Fitbit has already started to correct its course following the disastrous fourth quarter, including cost reductions and corporate restructuring that should save around $200 million, and the loss of 107 jobs. Talent acquisitions, such as that of Pebble's staff, will help the company spread out more from fitness tracking into providing more smartwatch functionality to its customers, allowing it to compete more directly with its main competition, the Apple Watch.
16 Comments
I'm confused, how does Fitbit getting a deal on Pebble reflect fitbit's struggles against the Apple Watch? I understand how it reflects pebbles struggles, and I understand how Fitbit has their own troubles, but that first sentence seems like a non-sequitur ...
I don't really think the fitbit line is comparable to the apple watch, maybe the Blaze is the closest thing since it can do some phone notifications but I doubt any apple watch buyers would have otherwise went for a fitbit had the apple watch not been released. I think fitbit's struggles are more to do with the Mi band etc. - cheap capable trackers, some with heart rate monitors.

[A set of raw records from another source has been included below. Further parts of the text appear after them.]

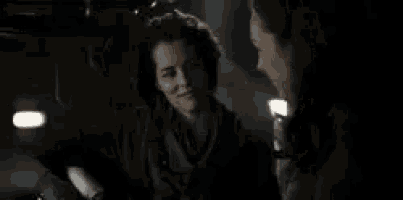 two women are standing next to each other in a dark room and smiling .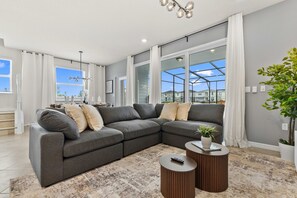 Ein modernes Wohnzimmer mit einem Ecksofa, zwei runden Couchtischen und einem großen Fenster mit Vorhängen.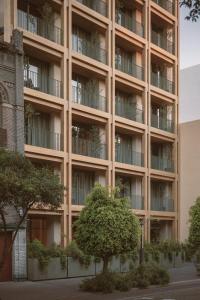 an apartment building with a tree in front of it at ONTO Alvaro Obregon Mexico City in Mexico City
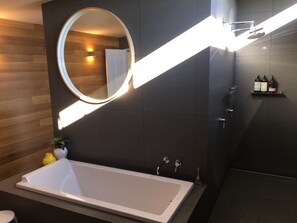 A modern bathroom with a large bathtub, a round mirror with integrated lighting, and a shower area. - Signature on Gunn. Devonports finest executive holiday home. (Devonport)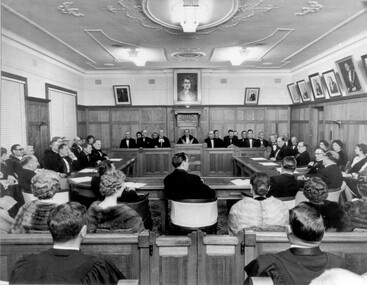 Men and women dressed in formal attire attend a ceremonial sitting of council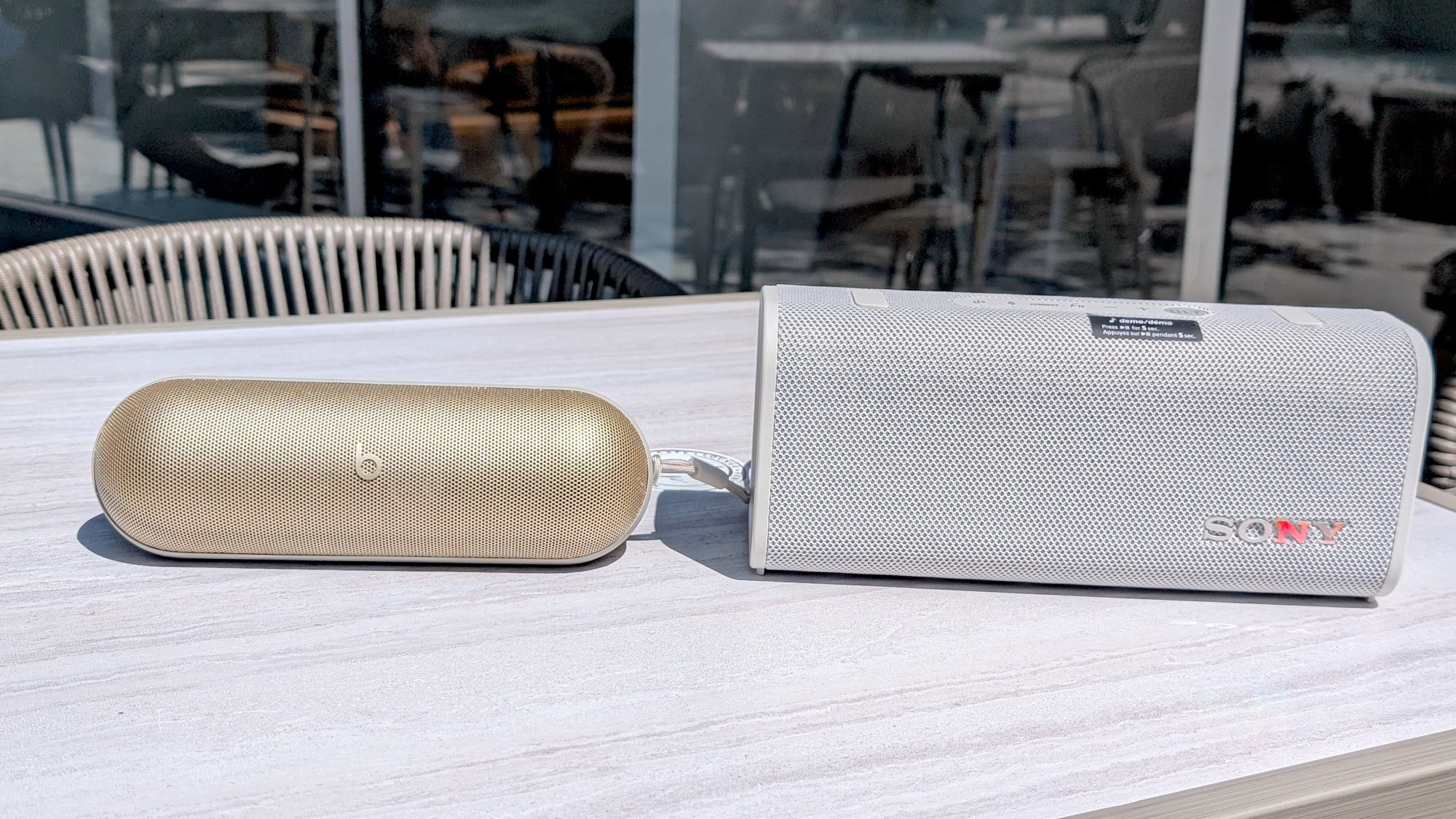 beats pill and sony ult field 3 side by side on outdoor table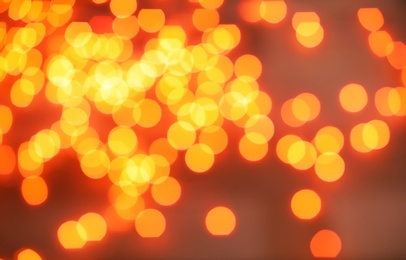 Photo of Beautiful gold lights on dark background. Bokeh effect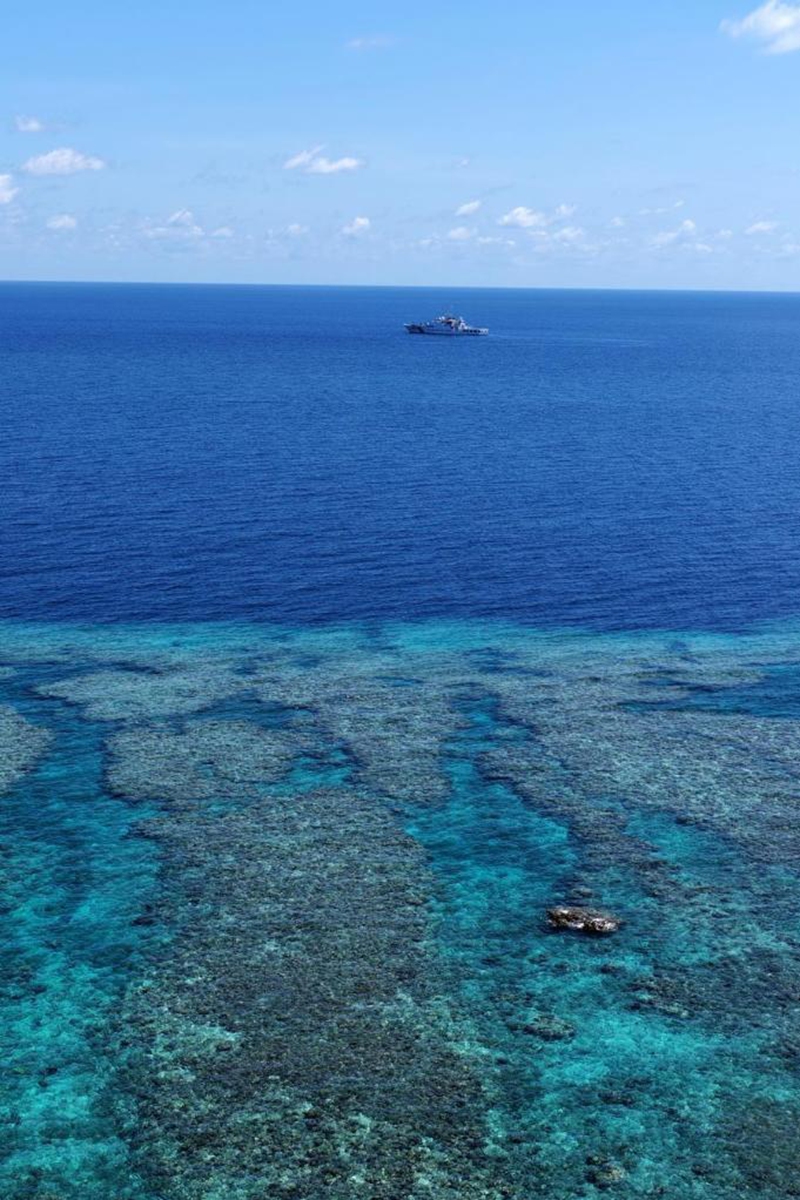 An aerial drone photo taken on April 28, 2026 shows the China Coast Guard (CCG) vessel Chuanshan patrolling around reefs in the territorial waters of China's Huangyan Dao in the South China Sea. (Xinhua/Chen Bin)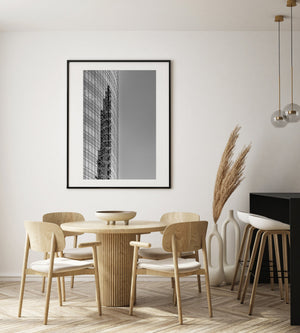Dark architectural reflections bend within the regular window grid of an Argentine building.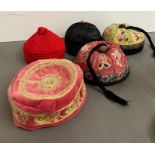 A selection of Nepalese and mandarin embroidered smoking caps.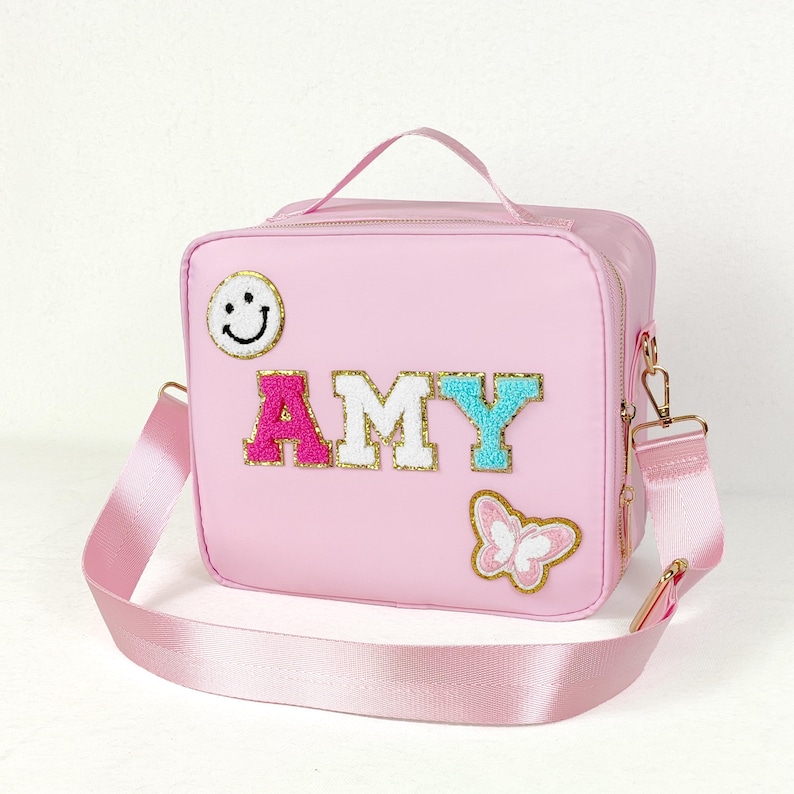 May include: Pink lunch bag with a shoulder strap and top handle. The bag features the name "AMY" in colorful, glittery letters, a smiley face patch, and a butterfly patch. The bag has gold-colored hardware.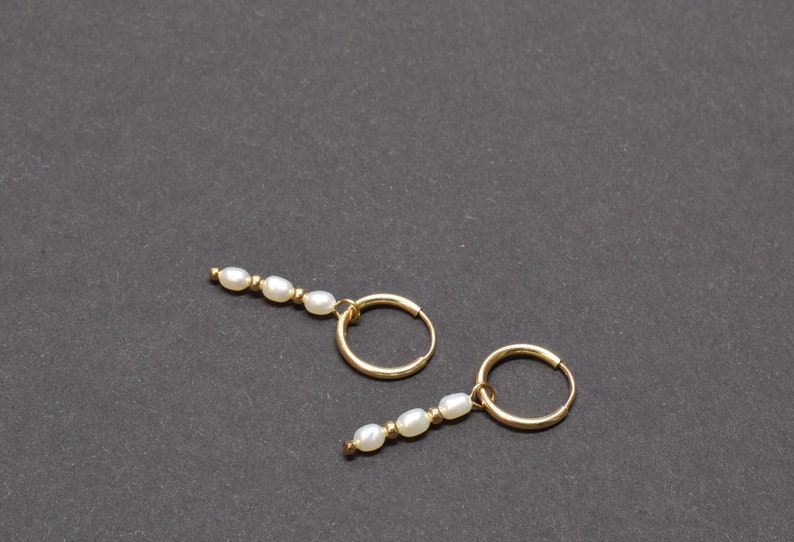 May include: A pair of gold hoop earrings with a row of white pearls dangling from each hoop.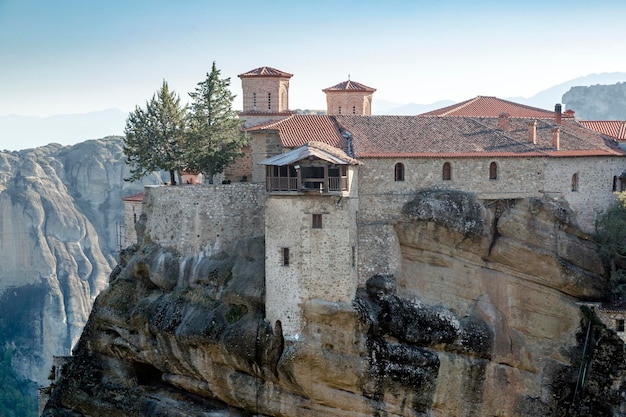 Hermosa vista escénica Monasterio ortodoxo de Varlaam inmenso pilar monolítico follaje verde al fondo de la pared de piedra en las montañas de Meteora Pindos Tesalia Grecia Europa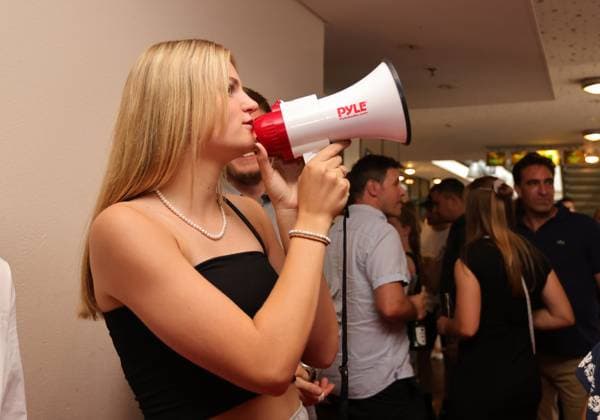 11 07 2023 football season 2022 2023 2 women football Bundesliga cinema premiere 1 FC Nuremberg FCN club promotion film brave to the end sports photo zinc DaMa xdaxmax club fan club fans FCN fans are asked with megaphone to go to the cinema hall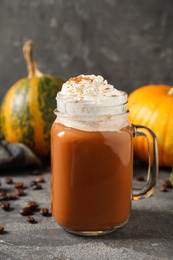 Mason jar with tasty pumpkin spice latte on grey table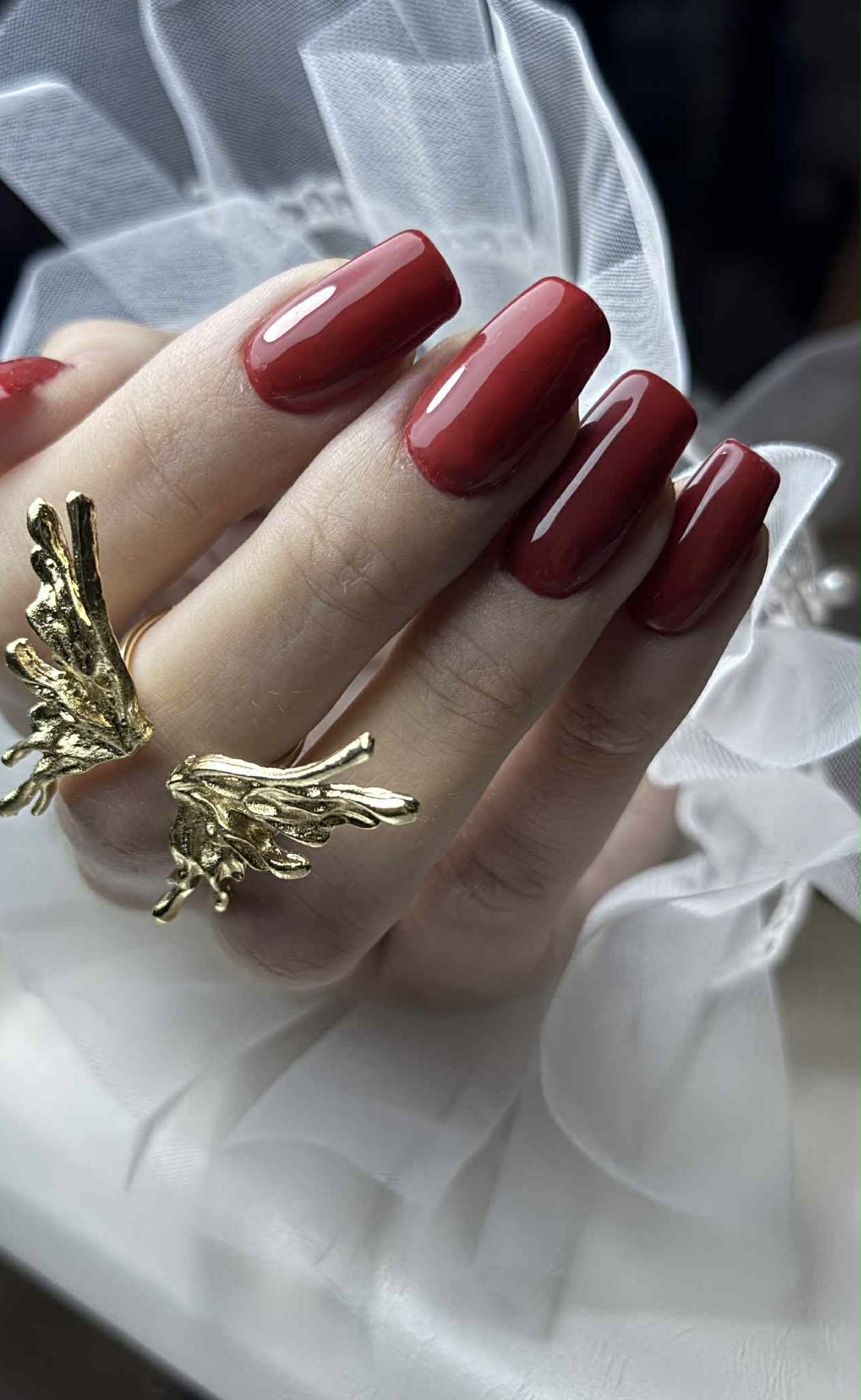 Red square nails with gold ring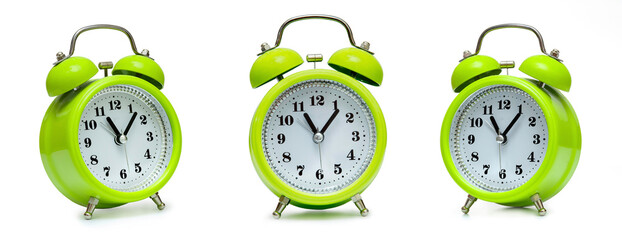 Green retro alarm clock in three angles on white background, isolate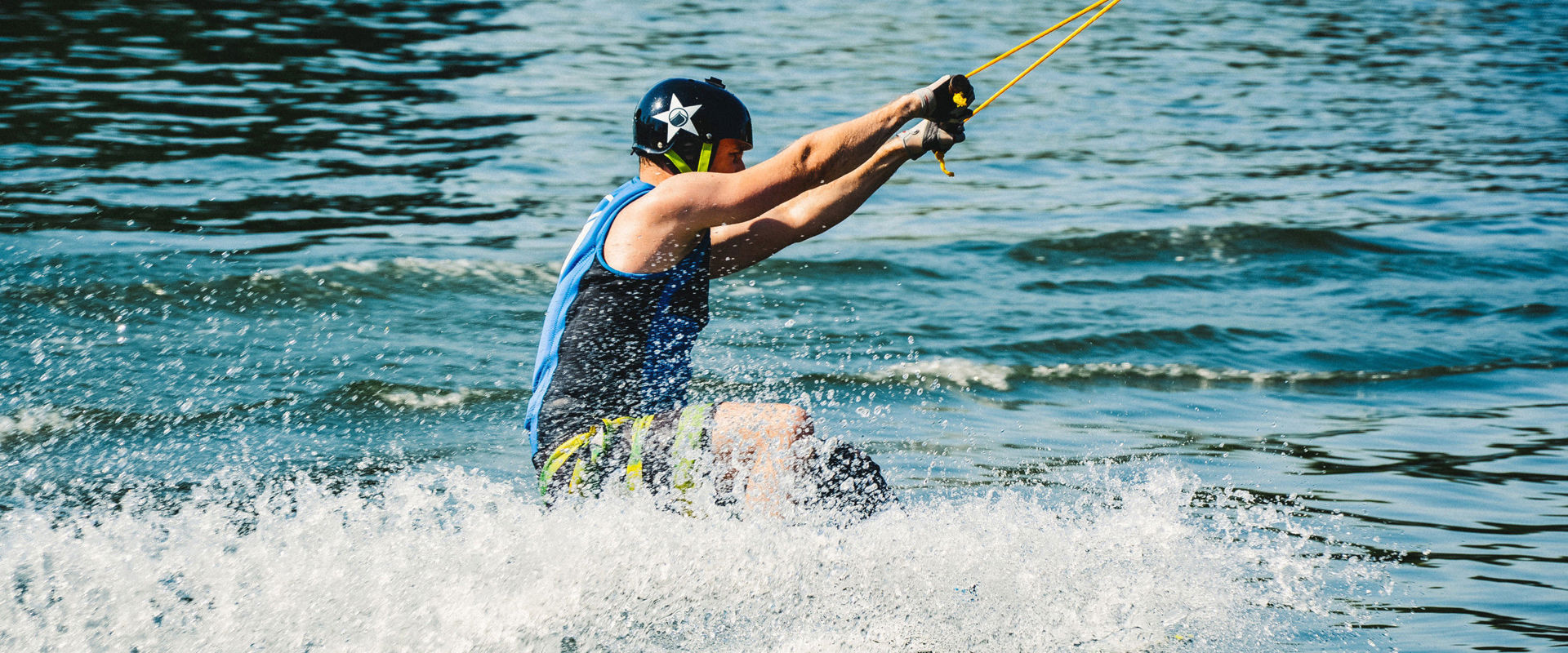 Kitesurfing in South Tyrol Boy kitesurfing in a lake in South Tyrol.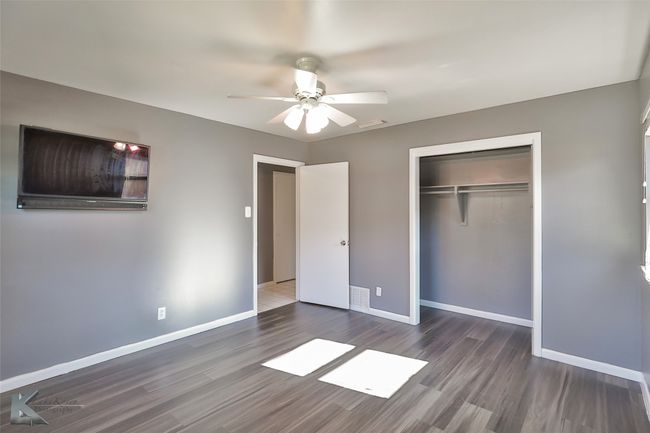 Unfurnished bedroom featuring dark hardwood / wood-style flooring, a closet, and ceiling fan | Image 19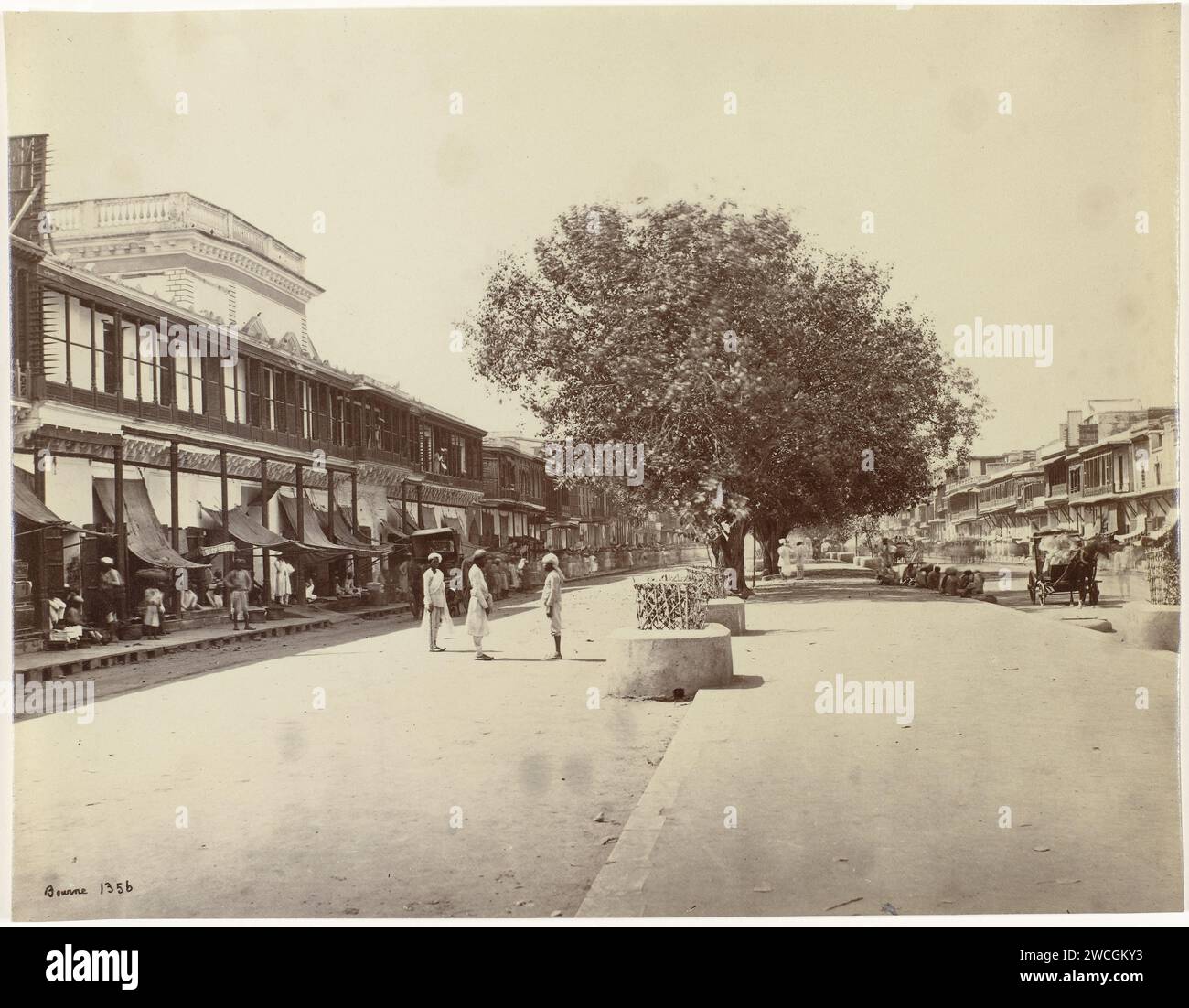 View of Chandni Chowk in Shahjahanabad, Delhi, India, Samuel Bourne, 1865 - 1870 photograph Chandni Chowk is the main street of Shahjahanabad, the last of the seven historic cities of Delhi. Along the road are shops and artisans sell their what. The street was constructed in 1650 by Jahanara Begum, the daughter of emperor Shah Jahan, and connected the city with their reinforced palace, The Red Fort. The street was 36 meters wide (40 yards) and 1.3 kilometers long (1520 yards). Originally there was a channel along the road to provide the fort with drinking water and irrigation. Between 1840 and Stock Photo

But... but... but I thought everyone said that AppleWatch was a failed product because Apple isn't breaking out AppleWatch sales figures. /s Fitness bands and smartwatches both have their place with consumers. I don't really see how Fitbit would be hurting Apple when each of the devices use is so much different. Pebble's going price is practically a fire sale. Again it's always this crazy quest for major market share percentage or rapid growth over profitability. It really doesn't make much sense. It's always best to keep the accounting books in the black rather than boast about market share or growth spurts.